Kriter > Siyaset |

İttihatçı Jakoben Partilerin Kürt Seçmenle İmtihanı


HDP siyaseten Türkiye partisi olmak yerine hem kendisini teröre teslim etmiş hem de Türkiye’nin jakoben partileri ile ittifaka girmiştir. Bugün, HDP’nin içerisine düştüğü duruma bakacak olursak, kaderin cilvesi midir bilinmez, zulme uğrayanlarla zulmedenler ittifak etmiş, demokrasiyi getiren Recep Tayyip Erdoğan’a karşı düşmanlık yapmaktadırlar. Ebetteki bu durumun sosyolojik, siyasi ve tarihi sebepleri vardır.

İttihatçı Jakoben Partilerin Kürt Seçmenle İmtihanı
(Güven Yılmaz/AA)

Bir ulus devlet olarak Türkiye Cumhuriyeti devleti kurulduğunda, çözüme kavuşturulması gereken bazı sorunlar vardı. Kuruluş döneminin bütün problemlerini ele almak yerine temel iki konu üzerine odaklanıp, birisi ile ilgili derinleşmek, kanımca bazı kanaatlerin pekişmesi için anlamlı olur. Diyarbakır’da yapmış olduğumuz bir odak gurup toplantısında, Halkların Demokratik Partisi (HDP) adına toplantıya katılan bir temsilci “Türkiye Cumhuriyeti kurulurken iki kesim sistem dışında kaldı. Bunlardan İslamcılar siyaset yoluyla sisteme eklemlendi, Kürtler bu sürecin dışında kaldı” demişti. Bu tespit yerinde bir tespitti.

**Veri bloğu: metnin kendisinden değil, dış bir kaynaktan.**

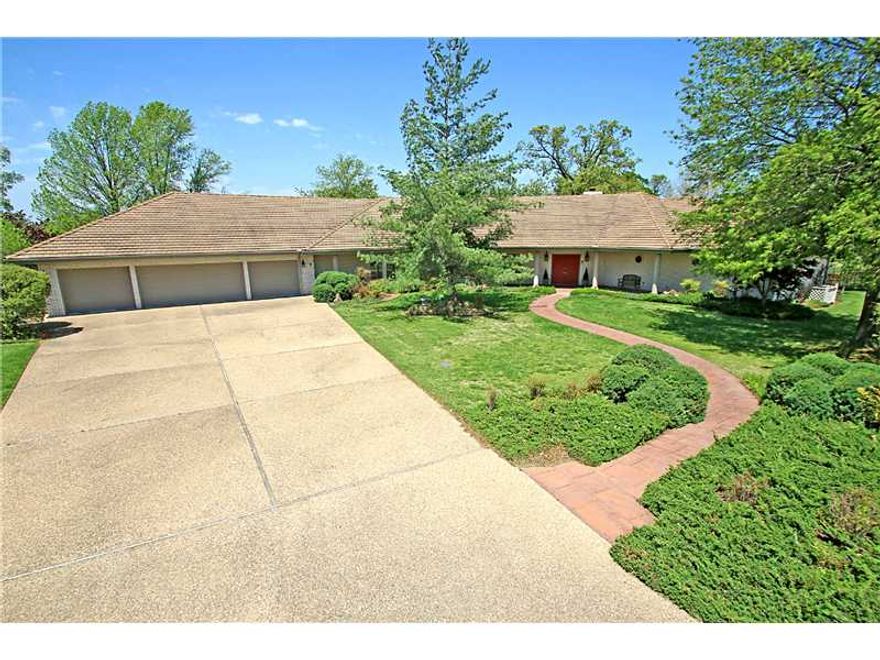 BEST GOLF COURSE VIEWS IN PINNACLE-- Stunning 4,094sf one level home on beautifully landscaped lot in Pinnacle w/ golf course frontage & views of the 16th, 17th, & 18th Fairways! Spacious & open floor plan with windows,throughout the home provides magnificent views of the course. Master retreat has sitting area, hardwood floors, unbelievable 22x13 master closet & more. 14x20 heated & cooled workshop/hobby room in the garage w/ tons of storage!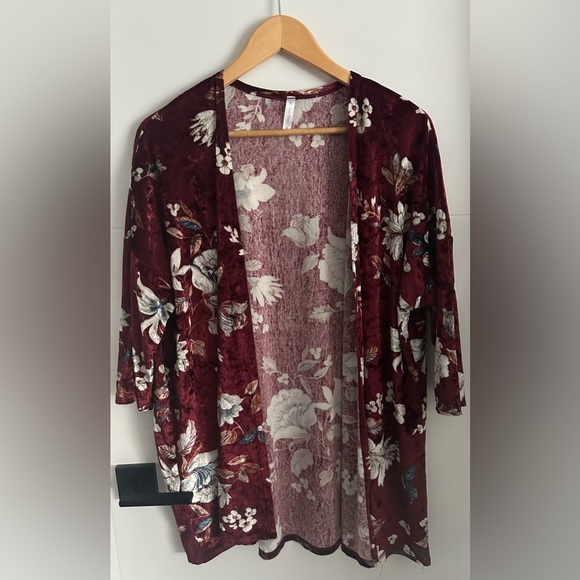 Acting Pro Floral Velvet Cardigan - Picture 1 of 3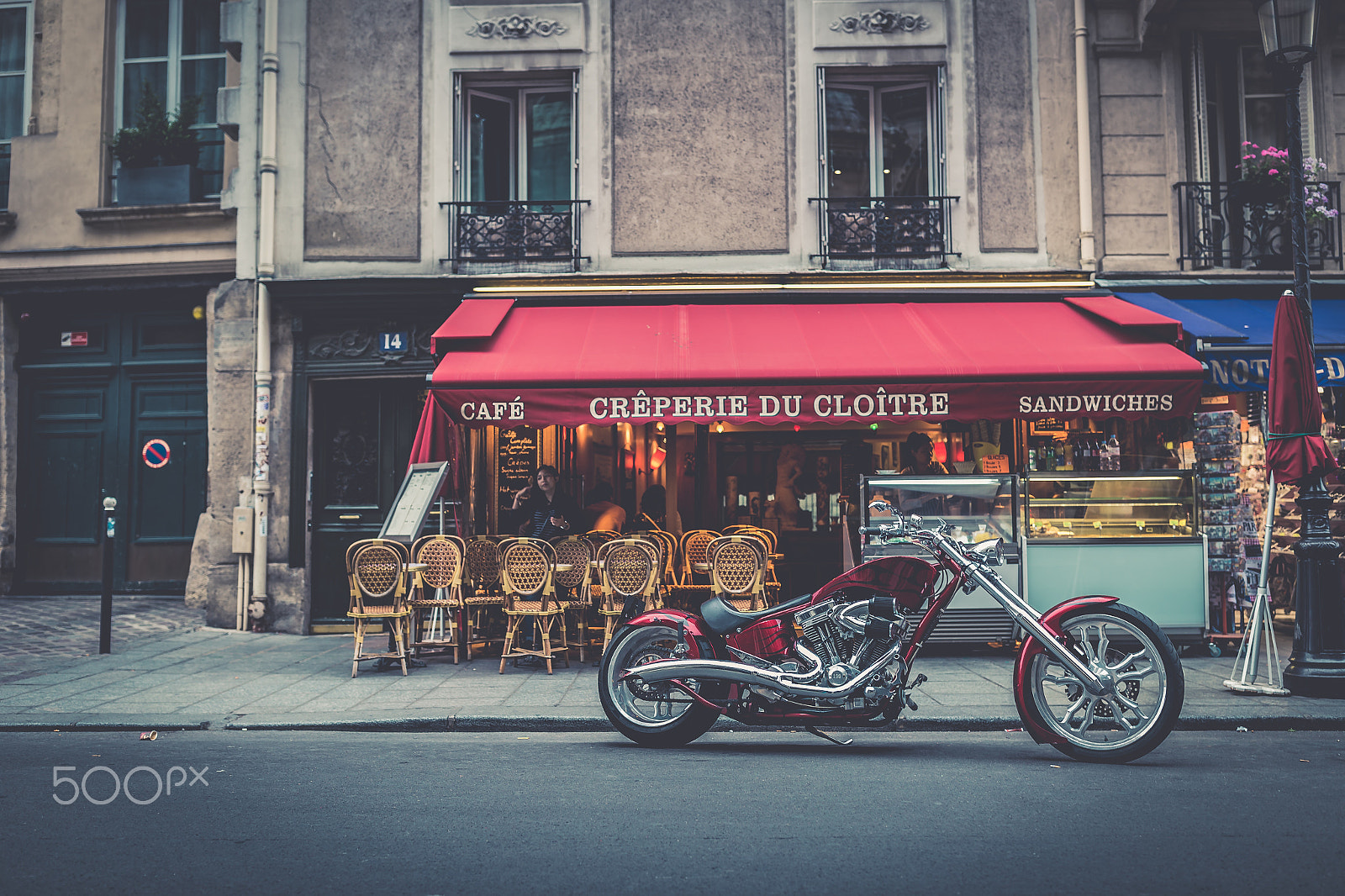Canon EF 35mm F1.4L II USM sample photo. Motorcycle photography
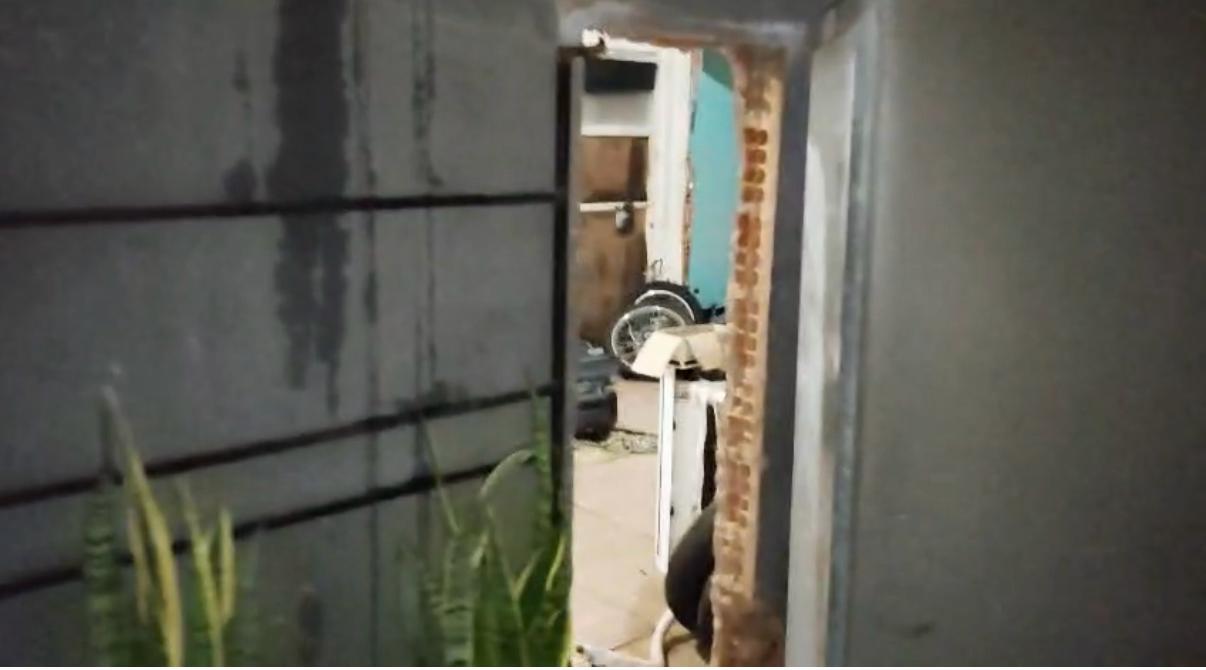 VÍDEO mostra passagem secreta que levava à oficina de desmanche de motos furtadas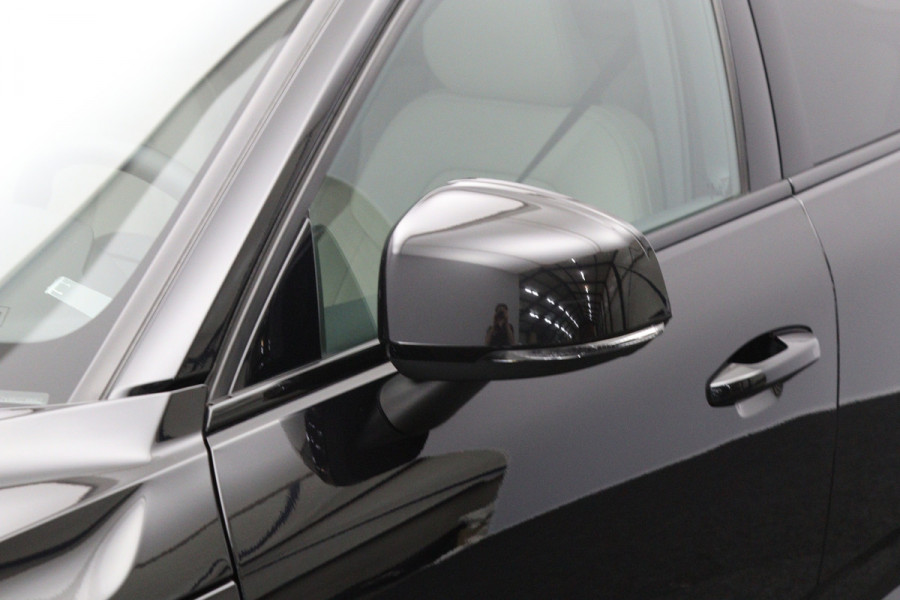 Volvo XC40 2.0 B3 164 PK Plus Dark, 4-Cilinder, Harman/Kardon, Leder, Trekhaak, Memory, Camera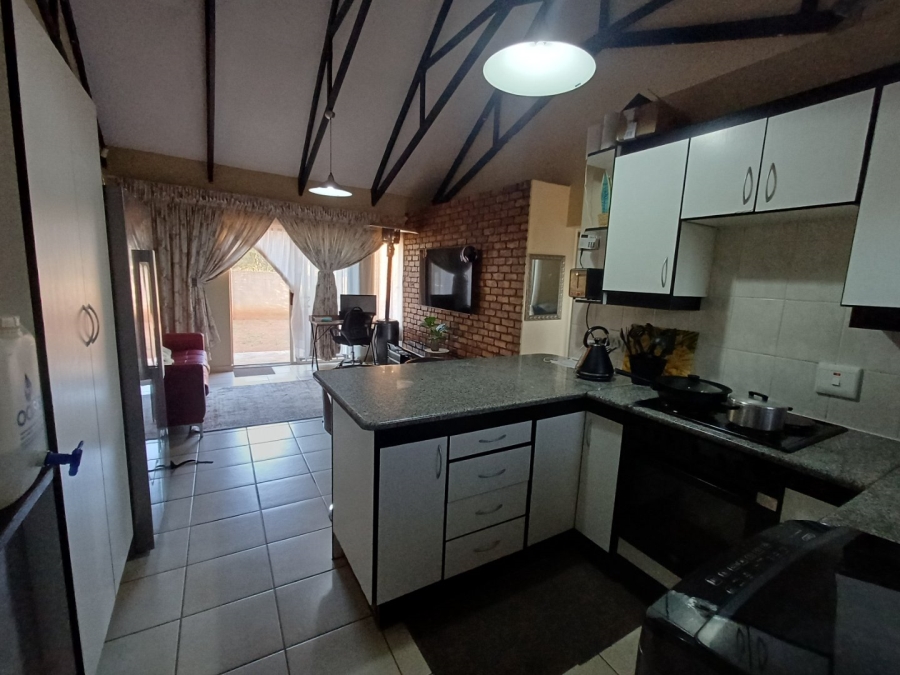 2 Bedroom Property for Sale in Doorhoek AH Limpopo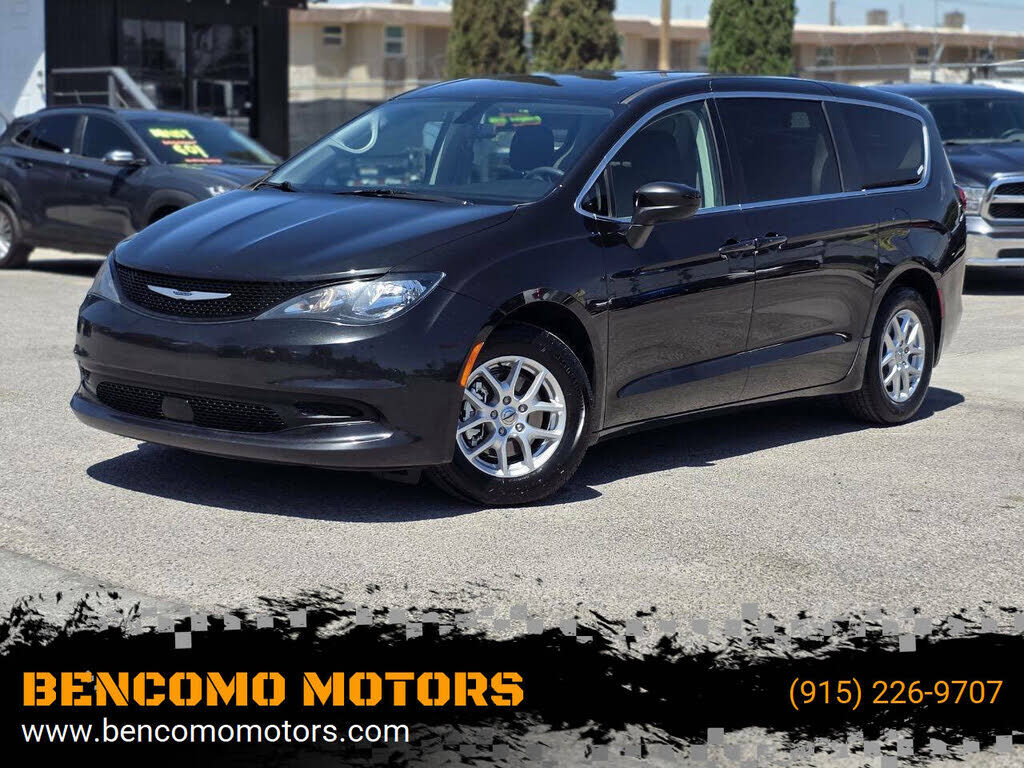 2022 CHRYSLER Pacifica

Doç. Dr. Evren Çelik Wiltse ile birlikte İHH Güneydoğu Raporu’na dibace olması için “Tarih boyunca Kürt raporlarının analizi” makalesini hazırlarken, bütün raporların özeti olacak bir yargıya varmıştık; bu, Cumhuriyet tarihi boyunca Turgut Özal ve Adalet ve Kalkınma Partisi (AK Parti) dönemi hariç bölgede hiçbir farklılığın olmadığı idi. İsmet İnönü’nün hazırlayıp Atatürk’e sunduğu ilk raporda, en çarpıcı cümle olarak “Bölge illeri ne duygusal olarak ne de ekonomik olarak bütünün bir parçası olmamıştır” cümlesi geçer ve bütün raporlarda olduğu gibi çözüm önerilerini arka arkaya sıralar.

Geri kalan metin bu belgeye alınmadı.